Nas ações, o MPSP diz que a prefeitura de Votuporanga, em conluio com as empresas, teria simulado concorrências para direcionar o resultado. As ações ficaram suspensas durante anos, pois um habeas corpus apresentado ao Supremo Tribunal Federal (STF) questionava a legalidade das provas. O STF julgou que as provas derivadas de interceptações telefônicas são ilícitas e não podem ser usadas. Uma das ações aguarda a sentença do juiz, e a outra ainda não foi aceita pela Justiça.
No ano passado, Pignatari foi investigado em outro inquérito do Ministério Público, após o Estadão revelar que uma lei de sua autoria havia beneficiado uma empresa da qual é sócio. A lei em questão praticamente impediu o governo paulista de vender um produto hospitalar para entidades filantrópicas, excluindo o principal concorrente da companhia da qual o deputado é investidor. O inquérito foi arquivado após a promotoria considerar que não havia provas de que Pignatari tivesse se beneficiado.
Defesa
Procurado pela reportagem, Pignatari disse que não foi intimado pessoalmente da decisão sobre a compra do remédio pela prefeitura de Votuporanga, “daí a absolvição em primeira instância”. Por meio de nota, a assessoria do parlamentar informou ainda que “agora, firmado o acordo e homologado, mesmo sem admitir culpa ou dolo na omissão, o deputado ressarciu os danos que a administração municipal possa ter sofrido, visando a extinção da ação, contando, inclusive, com parecer favorável do Ministério Público Federal”.

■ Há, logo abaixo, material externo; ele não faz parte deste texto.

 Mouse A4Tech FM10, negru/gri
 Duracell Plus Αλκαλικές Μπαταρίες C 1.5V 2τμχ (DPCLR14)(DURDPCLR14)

Em relação ao caso das ambulâncias, o deputado alegou que ele próprio registrou boletim de ocorrência “contra atos dos representantes” das empresas vencedoras da licitação. “Fosse conivente com toda a situação que lhe rendeu equivocada condenação, teria agido dessa forma?”, afirmou sua assessoria.
Sobre os outros processos, Pignatari alegou que “a acusação de fraude em licitações pende de julgamento em primeira instância". De acordo com a assessoria do parlamentar, “a improcedência para esse caso é o que se espera em razão da lisura dos procedimentos licitatórios na prefeitura de Votuporanga”.
Disputa
Embora seja considerado pelos deputados estaduais como o nome que deve assumir o comando do Legislativo paulista, Pignatari tem evitado falar publicamente sobre a candidatura. Na Alesp, há especulação sobre a possibilidade de nomes do PSOL e do Novo disputarem a presidência, mas os partidos ainda não lançaram candidatos oficialmente. O deputado Coronel Telhada (PP) estuda lançar sua candidatura, mas seu nome ainda não ganhou adesão na oposição e entre deputados independentes, cujos votos seriam necessários para torná-lo um concorrente competitivo (no total, a Alesp tem 94 deputados).